Study 940 is an ongoing open-label, multicenter trial evaluating the pharmacokinetic profile, tolerability, safety and efficacy of KALETRA oral solution containing lopinavir 80 mg/mL and ritonavir 20 mg/mL in 100 antiretroviral naive (44%) and experienced (56%) pediatric patients. All patients were non-nucleoside reverse transcriptase inhibitor naive. Patients were randomized to either 230 mg lopinavir/57.5 mg ritonavir per m2 or 300 mg lopinavir/75 mg ritonavir per m2. Naive patients also received lamivudine and stavudine. Experienced patients received nevirapine plus up to two nucleoside reverse transcriptase inhibitors.
Safety, efficacy and pharmacokinetic profiles of the two dose regimens were assessed after three weeks of therapy in each patient. After analysis of these data, all patients were continued on the 300 mg lopinavir/75 mg ritonavir per m2 dose. Patients had a mean age of 5 years (range 6 months to 12 years) with 14% less than 2 years. Mean baseline CD4 cell count was 838 cells/mm3 and mean baseline plasma HIV-1 RNA was 4.7 log10 copies/mL.
Through 48 weeks of therapy, the proportion of patients who achieved and sustained an HIV RNA < 400 copies/mL was 80% for antiretroviral naive patients and 71% for antiretroviral experienced patients. The mean increase from baseline in CD4 cell count was 404 cells/mm3 for antiretroviral naive and 284 cells/mm3 for antiretroviral experienced patients treated through 48 weeks. At 48 weeks, two patients (2%) had prematurely discontinued the study. One antiretroviral naive patient prematurely discontinued secondary to an adverse event attributed to KALETRA, while one antiretroviral experienced patient prematurely discontinued secondary to an HIV-related event.
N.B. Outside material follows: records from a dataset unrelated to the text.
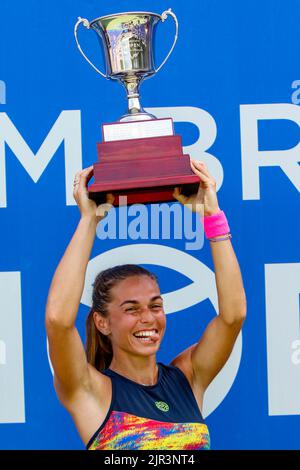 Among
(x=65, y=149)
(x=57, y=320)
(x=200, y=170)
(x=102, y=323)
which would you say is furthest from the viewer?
(x=65, y=149)

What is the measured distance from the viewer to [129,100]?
249cm

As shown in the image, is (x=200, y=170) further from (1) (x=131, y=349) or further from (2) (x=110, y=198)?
(1) (x=131, y=349)

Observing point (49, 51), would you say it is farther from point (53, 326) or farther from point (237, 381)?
point (237, 381)

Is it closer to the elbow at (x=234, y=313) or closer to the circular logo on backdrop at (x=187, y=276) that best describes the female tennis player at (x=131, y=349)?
the elbow at (x=234, y=313)

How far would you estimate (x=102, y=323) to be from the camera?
250cm

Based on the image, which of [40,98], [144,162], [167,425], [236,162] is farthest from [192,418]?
[40,98]

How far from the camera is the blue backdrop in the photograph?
281cm

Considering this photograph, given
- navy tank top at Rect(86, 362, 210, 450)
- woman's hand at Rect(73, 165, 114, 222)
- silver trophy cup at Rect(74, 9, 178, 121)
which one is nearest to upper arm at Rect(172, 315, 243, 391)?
navy tank top at Rect(86, 362, 210, 450)

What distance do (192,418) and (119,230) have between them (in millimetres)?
702

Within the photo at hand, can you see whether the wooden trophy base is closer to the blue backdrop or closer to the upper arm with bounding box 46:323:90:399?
the upper arm with bounding box 46:323:90:399

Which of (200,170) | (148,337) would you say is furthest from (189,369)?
(200,170)

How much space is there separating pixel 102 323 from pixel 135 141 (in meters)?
0.51

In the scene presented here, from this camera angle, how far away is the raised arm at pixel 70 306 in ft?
7.45

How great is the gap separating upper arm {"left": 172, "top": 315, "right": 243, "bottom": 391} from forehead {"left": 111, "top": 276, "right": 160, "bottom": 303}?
199 mm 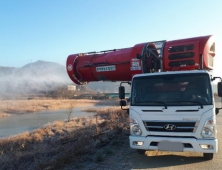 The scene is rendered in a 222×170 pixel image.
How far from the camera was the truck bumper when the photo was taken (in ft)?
18.0

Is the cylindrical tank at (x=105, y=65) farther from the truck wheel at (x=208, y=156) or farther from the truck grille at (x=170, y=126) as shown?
the truck wheel at (x=208, y=156)

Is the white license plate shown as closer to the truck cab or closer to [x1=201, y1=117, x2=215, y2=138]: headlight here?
the truck cab

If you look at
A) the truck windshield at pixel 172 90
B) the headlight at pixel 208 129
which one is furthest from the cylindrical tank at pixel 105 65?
the headlight at pixel 208 129

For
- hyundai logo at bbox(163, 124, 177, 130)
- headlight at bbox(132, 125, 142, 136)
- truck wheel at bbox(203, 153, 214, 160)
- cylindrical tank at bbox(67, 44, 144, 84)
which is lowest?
truck wheel at bbox(203, 153, 214, 160)

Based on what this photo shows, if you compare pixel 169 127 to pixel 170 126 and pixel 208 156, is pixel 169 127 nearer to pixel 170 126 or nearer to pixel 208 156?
pixel 170 126

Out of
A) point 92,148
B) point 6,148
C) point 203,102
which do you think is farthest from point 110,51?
point 6,148

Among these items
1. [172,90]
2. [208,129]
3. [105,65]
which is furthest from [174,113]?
[105,65]

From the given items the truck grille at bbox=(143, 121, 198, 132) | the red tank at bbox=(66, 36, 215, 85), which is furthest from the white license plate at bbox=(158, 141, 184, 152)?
the red tank at bbox=(66, 36, 215, 85)

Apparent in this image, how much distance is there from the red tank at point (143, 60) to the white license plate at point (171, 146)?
245cm

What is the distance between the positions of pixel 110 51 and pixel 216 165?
4.92 metres

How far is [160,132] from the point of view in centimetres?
580

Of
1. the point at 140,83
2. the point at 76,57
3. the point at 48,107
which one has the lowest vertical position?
the point at 48,107

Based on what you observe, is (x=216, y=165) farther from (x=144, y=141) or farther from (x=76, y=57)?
(x=76, y=57)

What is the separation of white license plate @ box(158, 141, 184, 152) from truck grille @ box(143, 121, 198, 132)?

Dose selection for patients 6 months to 12 years of age was based on the following results. The 230/57.5 mg/m2 twice-daily regimen without nevirapine and the 300/75 mg/m2 twice-daily regimen with nevirapine provided lopinavir plasma concentrations similar to those obtained in adult patients receiving the 400/100 mg twice-daily regimen (without nevirapine). KALETRA once-daily has not been evaluated in pediatric patients.